TASK STATEMENT:
Omit the pictures, then reproduce every remaining record exactly.
· · · ·
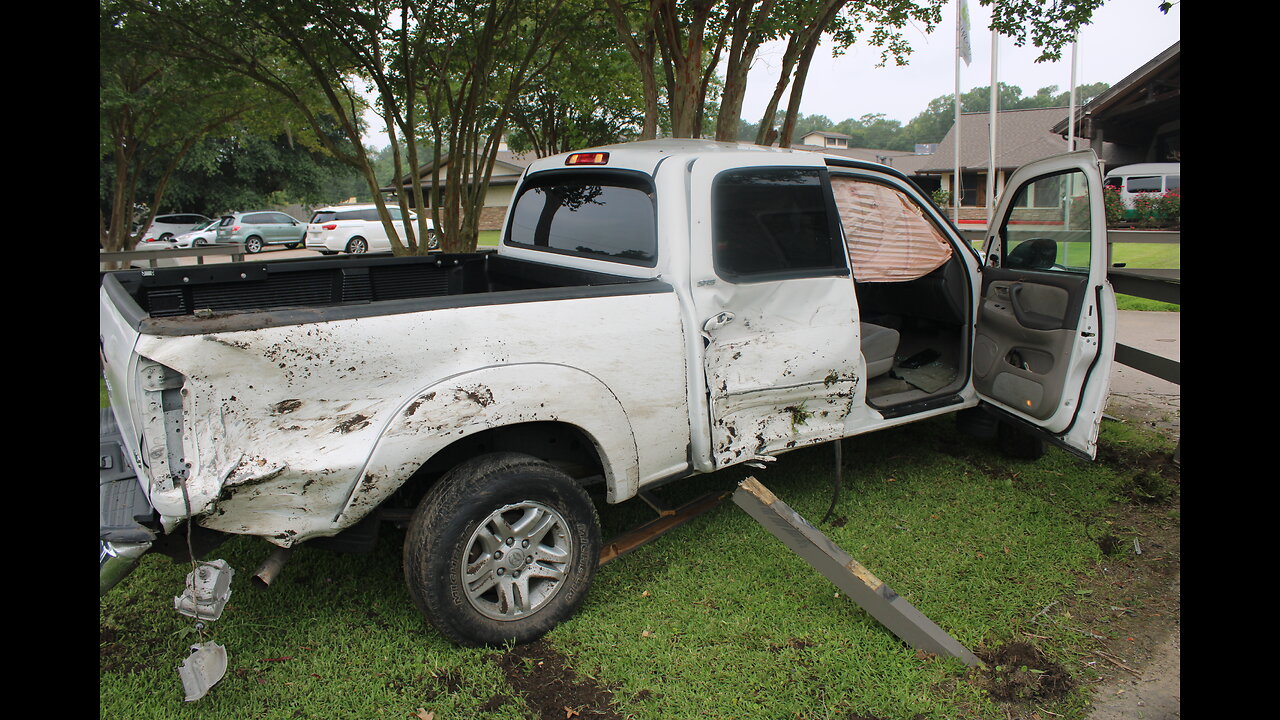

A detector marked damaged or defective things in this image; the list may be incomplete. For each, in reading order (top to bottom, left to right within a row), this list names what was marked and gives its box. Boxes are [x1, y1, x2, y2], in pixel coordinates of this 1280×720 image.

broken plastic piece [175, 558, 235, 620]
rusty metal beam [732, 474, 977, 666]
broken plastic piece [177, 640, 227, 696]
torn sheet metal [177, 640, 227, 696]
· · · ·
RESPONSE TO THIS EXERCISE:
A detector marked damaged or defective things in this image; the list may be incomplete. For each, in reading order (top to bottom, left to right within a row), this list names what was marked and gives its box. Boxes are [x1, y1, x2, y2], in pixel coordinates of this 1280×720 image.

broken plastic piece [175, 558, 235, 620]
rusty metal beam [732, 474, 977, 666]
broken plastic piece [177, 640, 227, 696]
torn sheet metal [177, 640, 227, 696]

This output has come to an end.